I'm starting to think the tide has turned on people's desire to give land back
to the states (see Chaffetz). Enough people have moved to Utah/Colorado for
the outdoors that it's not going to be easy for the local establishment to
sell off the land at a discount to their donors.

At least in the opinion of this east coaster...

------
niftich
Maps of the Bears Ears National Monument can be seen here [1][2], to give an
idea as to what's being talked about.

It includes the area between the current eastern boundary of Canyonlands NP
"below the rim" of the mesas like Hatch Point Mesa and Harts Point Mesa.

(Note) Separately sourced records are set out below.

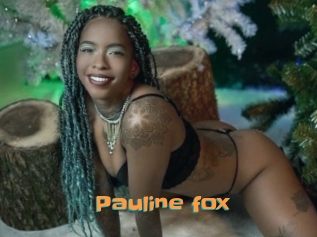 Pauline_fox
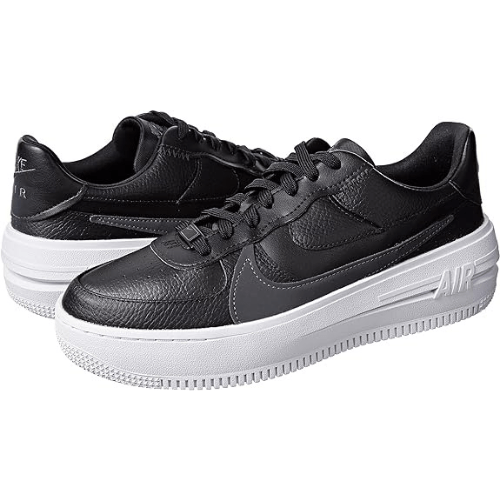 nike air force 1 sage low for women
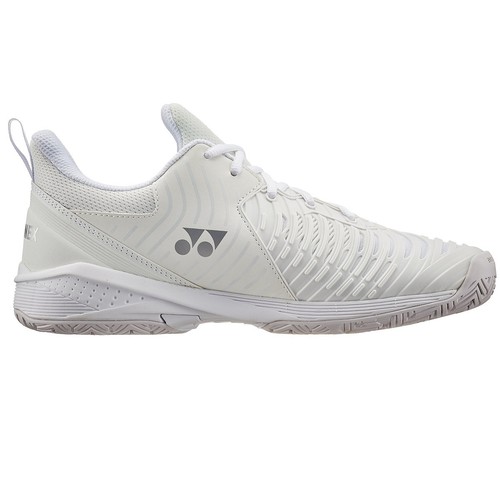 Scarpe tennis badminton - da, da
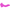 DIVERSIA - DILDO REALISTICO FLESSIBILE VIBRANTE LILLA 21,5 CM -O- 4,5 CM
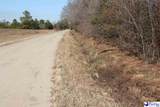 000 Country Manor Rd - Photo 14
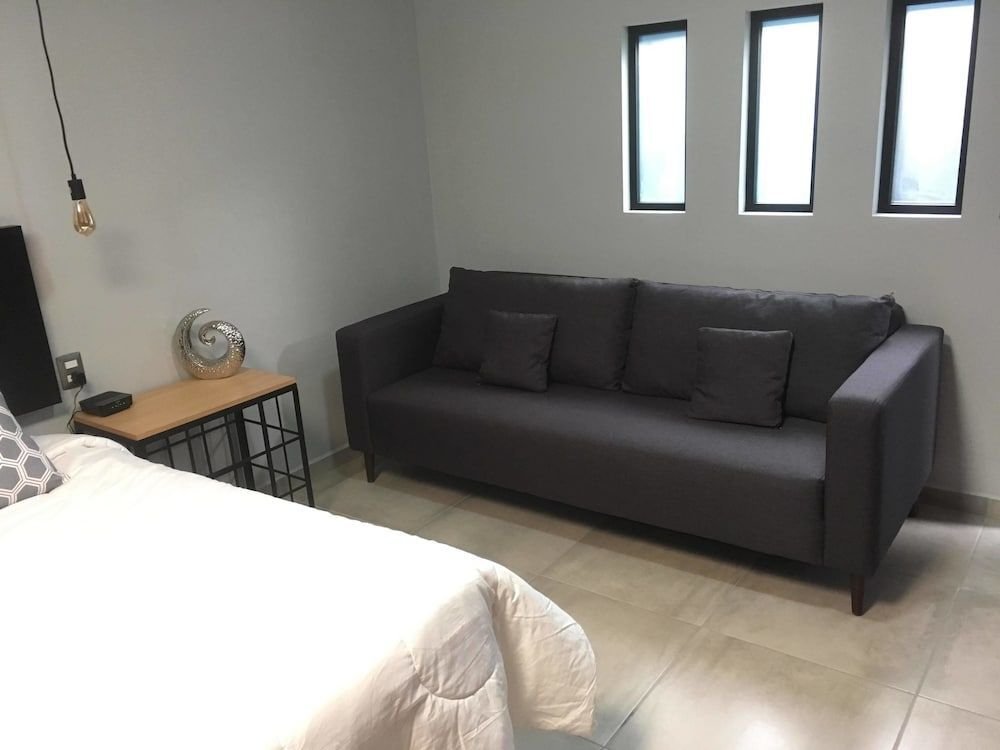 Casa Calila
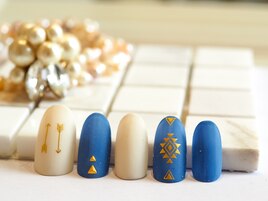 ベーシックプラン　たまプラーザ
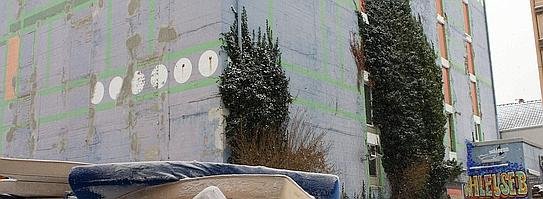 35462365-063--543x199.jpg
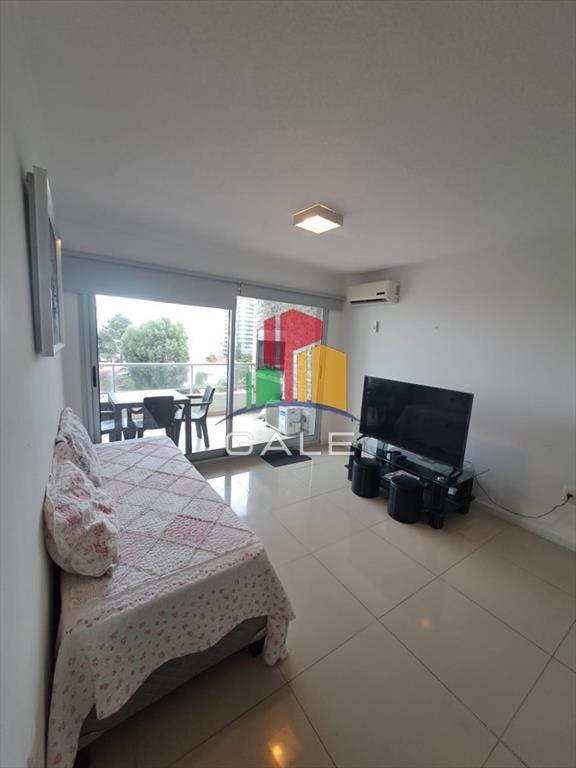 Apartamento en venta de 2 dormitorios en suite en Torre Moo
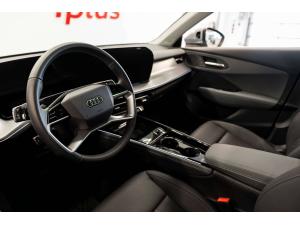 Miniature 10 Audi Q3 Progressiv quattro 2026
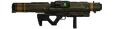 Thumbnail for version as of 22:58, 6 February 2026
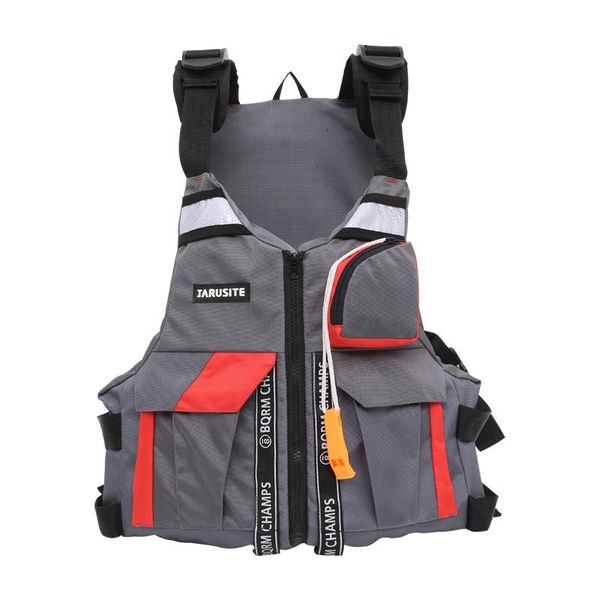 life vest & buoy outdoor rafting jacket for swimming snorkeling wear fishing suit professional drifting level whistle
life vest & buoy outdoor rafting jacket for swimming snorkeling wear fishing suit professional drifting level whistle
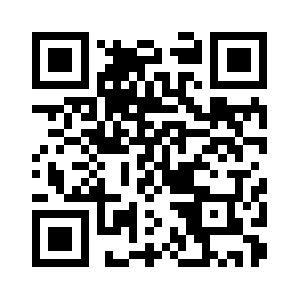 Autocanadaupgrade.ca QR code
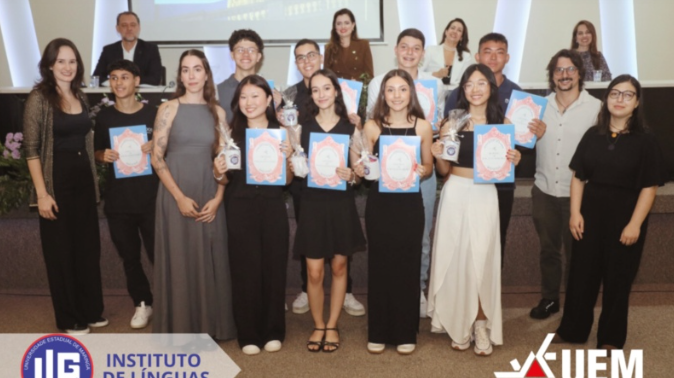 captura-de-tela-2025-12-16-135535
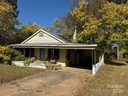 150 Holland Street sold home in Forest City, SC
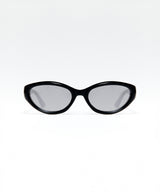 BOULDER 04 BLK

In this 2014 article from Moab Sun News [3], it is mentioned that oil and gas
surveys are being done in Harts Point (up on the mesa; outside of Bears Ears
NM and not visible from "below the rim"); as well as in Lockhart Basin, the
area sandwiched between the Mesa and Canyonlands (and thus protected by the
new Bears Ears National Monument).

A quote from the article:

 _Walt Dabney, Moab resident, and retired superintendent of Canyonlands
National Park (CNP), said that he is "very concerned," about any possible
development taking place below the rim in the Canyonlands Basin. While
superintendent of CNP, he made a formal objection to the BLM, saying that
there shouldn't be any leases down in the basin because of the, "certainty of
compromising the national park qualities of Canyonlands National Park."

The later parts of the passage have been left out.